■ **DATASET EXTRACT**:

☆ ☆ ☆ ☆

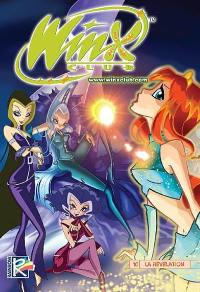 Winx Club. Vol. 10. La révélation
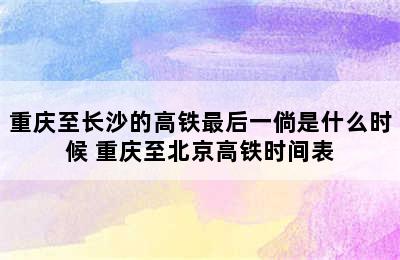 重庆至长沙的高铁最后一倘是什么时候 重庆至北京高铁时间表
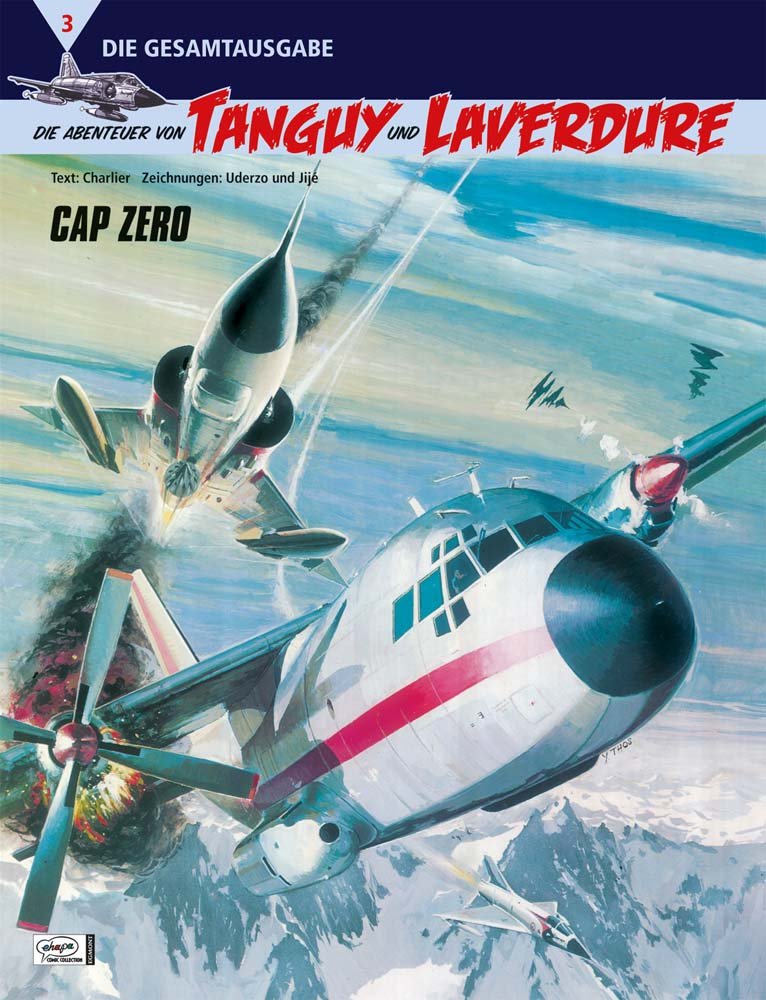 Die Abenteuer von Tanguy und Laverdure Gesamtausgabe 03: Cap Zero Manga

☆ ☆ ☆ ☆

■ **EXERCISE INSTRUCTIONS**:
An exact transcription of the data above is needed, without the pictures.

■ **RESULT**:
 Winx Club. Vol. 10. La révélation
 重庆至长沙的高铁最后一倘是什么时候 重庆至北京高铁时间表
 Die Abenteuer von Tanguy und Laverdure Gesamtausgabe 03: Cap Zero Manga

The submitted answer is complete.